### TRY IT
Every line from the start of the data through the line containing "Shtepi me qera 3+1 ne Tirane - 550 Euro" should be retyped exactly; the pictures should not.

### MATERIALS PROVIDED
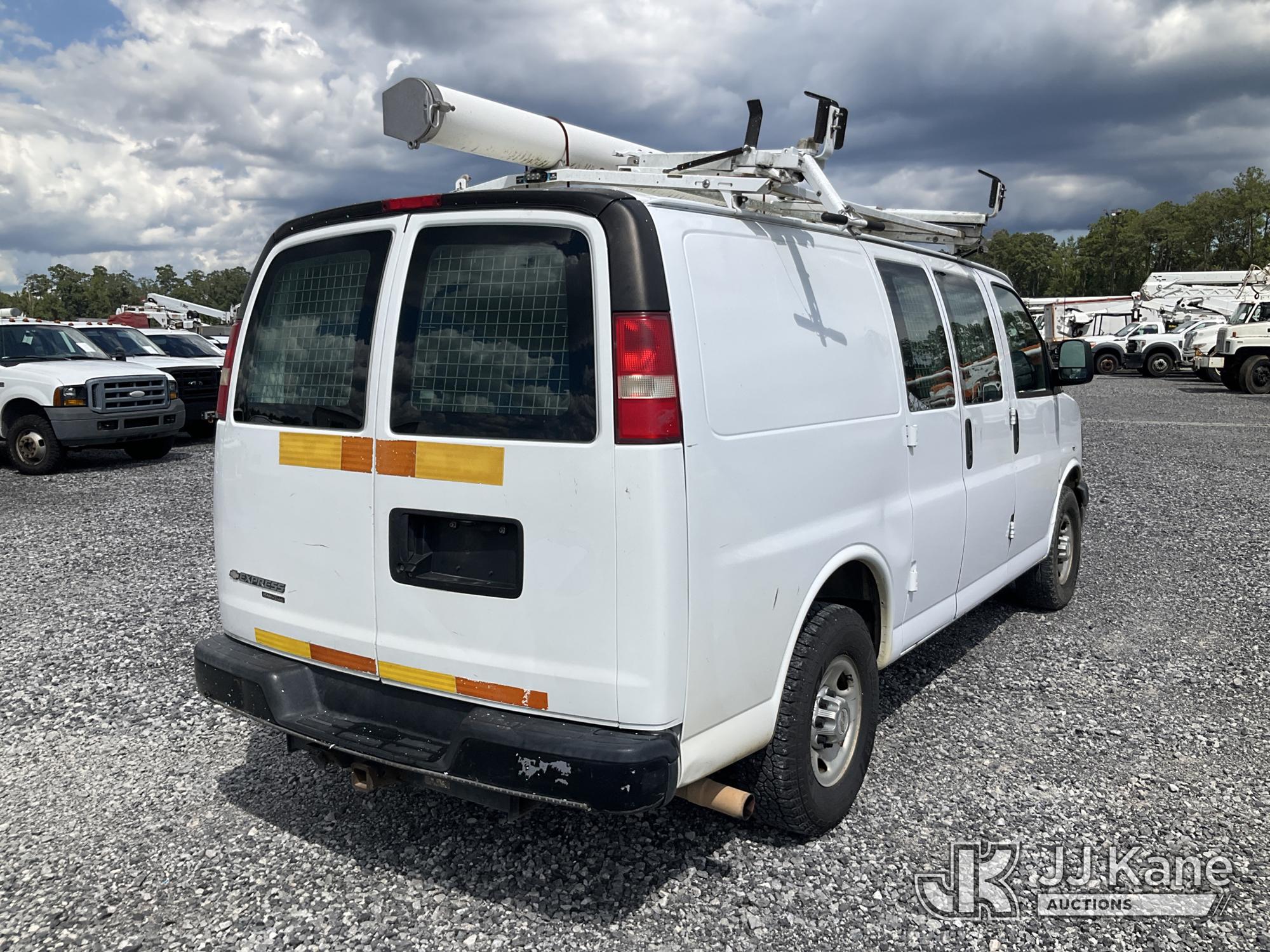 2013 Chevrolet Express G2500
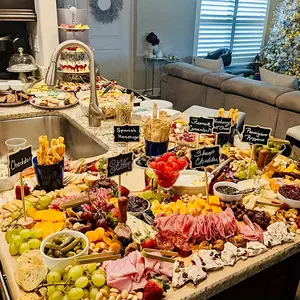 Mini Blackboard with Stand, Display Message Board, Small Wooden Chalkboard, Wedding Birthday Party Table Number Signs, Food Labels, Event Decorations, Rustic Design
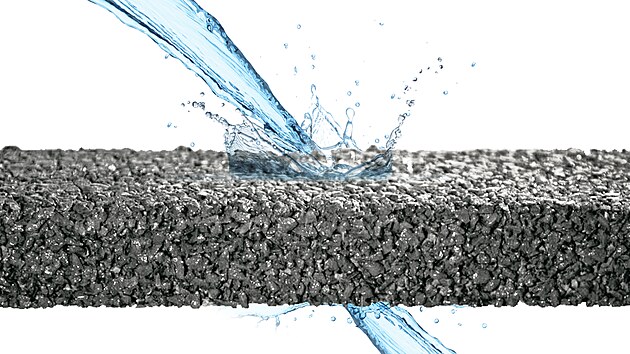 Vodopropustn beton Pervia od spolenosti CEMEX umouje propoutt vodu zptky do pdy.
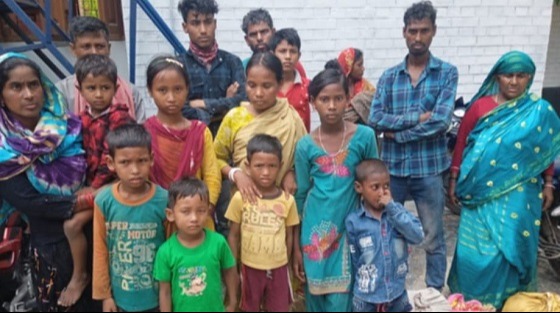 গোমস্তাপুরের বিভিষণ সীমান্তে বিএসএফ কর্তৃক ১৭ জন পুশইন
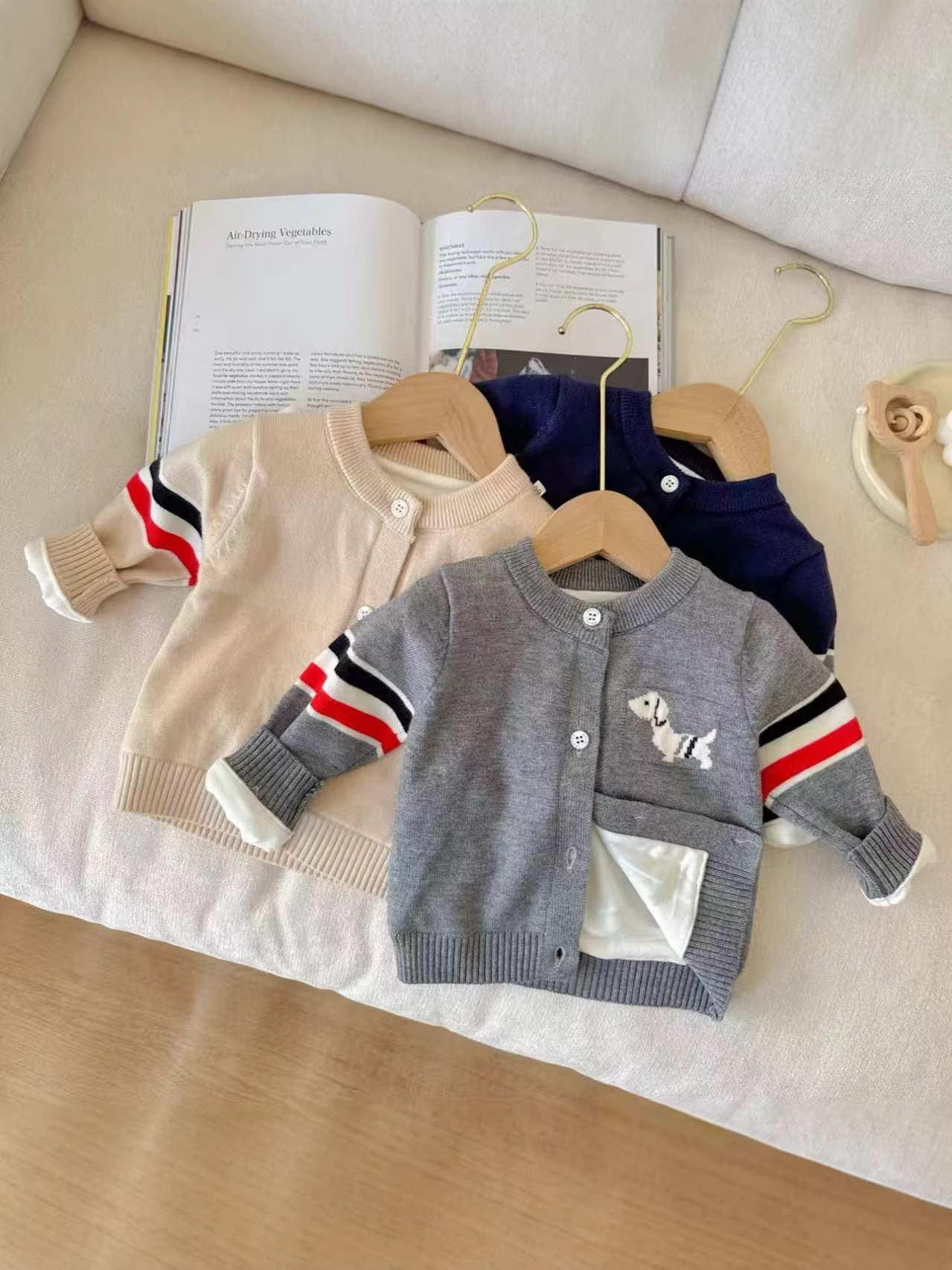 Fleece children's cartoon sweater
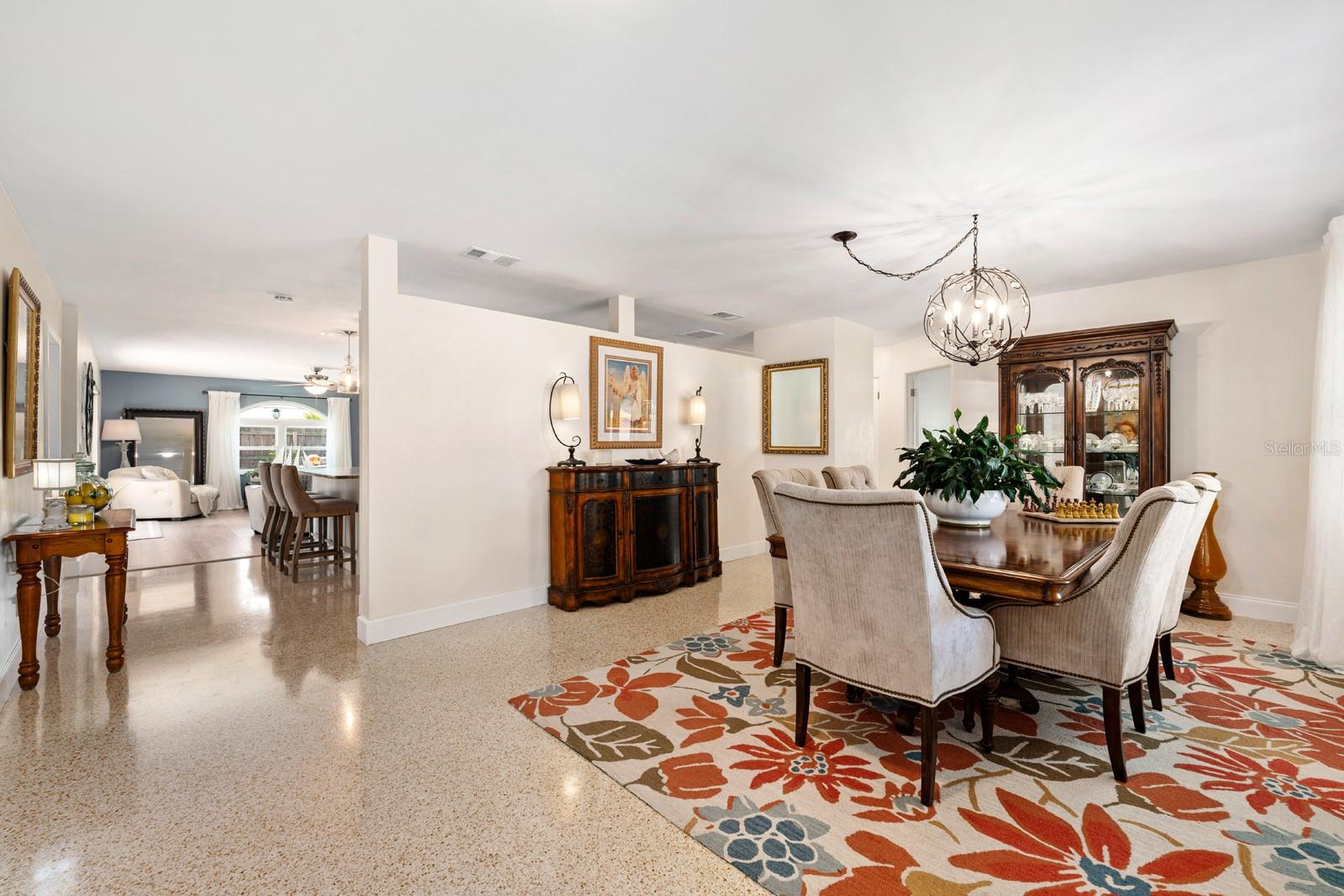 Image 6 of 32 For 1100 36th Avenue Ne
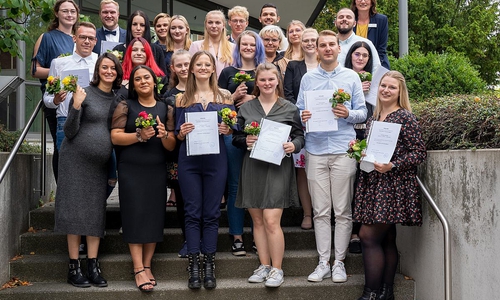 25 Gesundheits- und Krankenpflegerinnen (und Pfleger) nach erfolgreichem Staatsexamen gemeinsam mit den kursverantwortlichen Lehrkräften Annett Krüger und Gabriele Rakebrand.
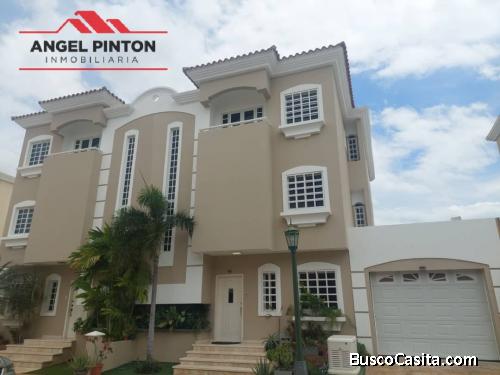 TOWNHOUSE EN VENTA EN VILLA PALMA DORADA MARACAIBO API 3219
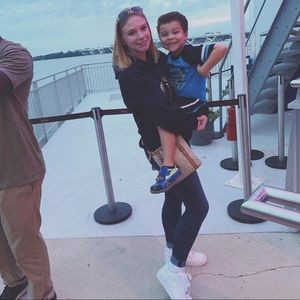 Meet your Posher, Lindsey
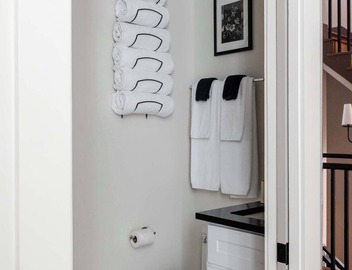 The 1300 | Designer 6-bedroom, Close to Parades 5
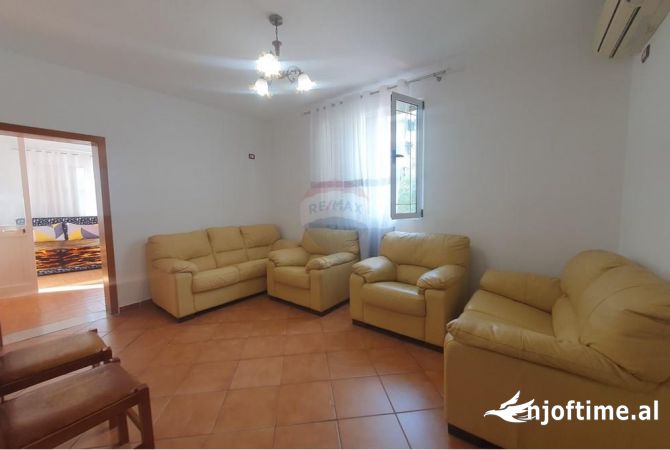 Shtepi me qera 3+1 ne Tirane - 550 Euro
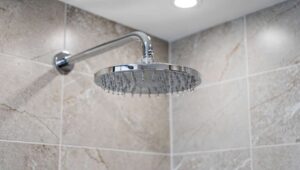 Weder Entkalker noch Cola: Dieser 2-Euro-Trick aus der Drogerie befreit den Duschkopf sofort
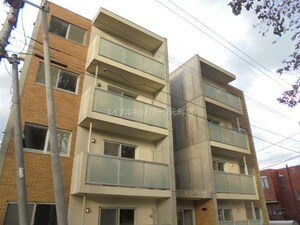 Ｌａ　Ｃａｕｓａ　Ｎ２２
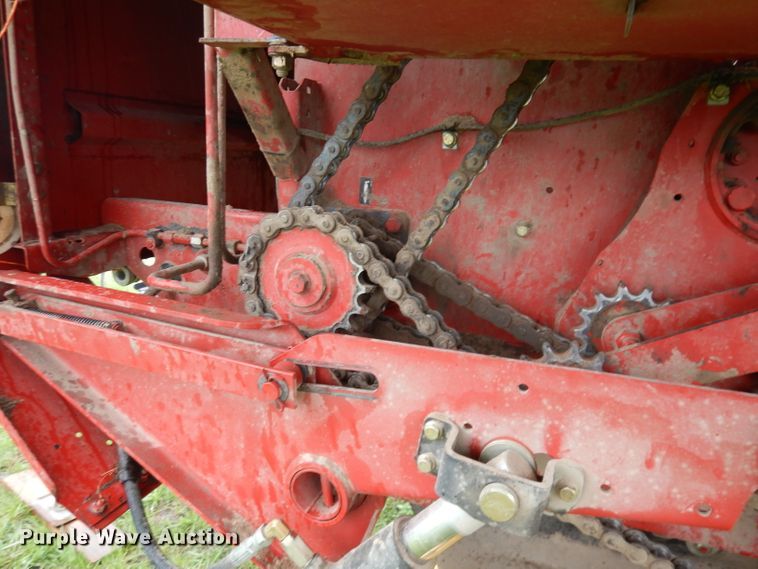 image for item IS9565 2005 New Holland BR780  round baler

### RESPONSE AREA
 2013 Chevrolet Express G2500
 Mini Blackboard with Stand, Display Message Board, Small Wooden Chalkboard, Wedding Birthday Party Table Number Signs, Food Labels, Event Decorations, Rustic Design
 Vodopropustn beton Pervia od spolenosti CEMEX umouje propoutt vodu zptky do pdy.
 গোমস্তাপুরের বিভিষণ সীমান্তে বিএসএফ কর্তৃক ১৭ জন পুশইন
 Fleece children's cartoon sweater
 Image 6 of 32 For 1100 36th Avenue Ne
 25 Gesundheits- und Krankenpflegerinnen (und Pfleger) nach erfolgreichem Staatsexamen gemeinsam mit den kursverantwortlichen Lehrkräften Annett Krüger und Gabriele Rakebrand.
 TOWNHOUSE EN VENTA EN VILLA PALMA DORADA MARACAIBO API 3219
 Meet your Posher, Lindsey
 The 1300 | Designer 6-bedroom, Close to Parades 5
 Shtepi me qera 3+1 ne Tirane - 550 Euro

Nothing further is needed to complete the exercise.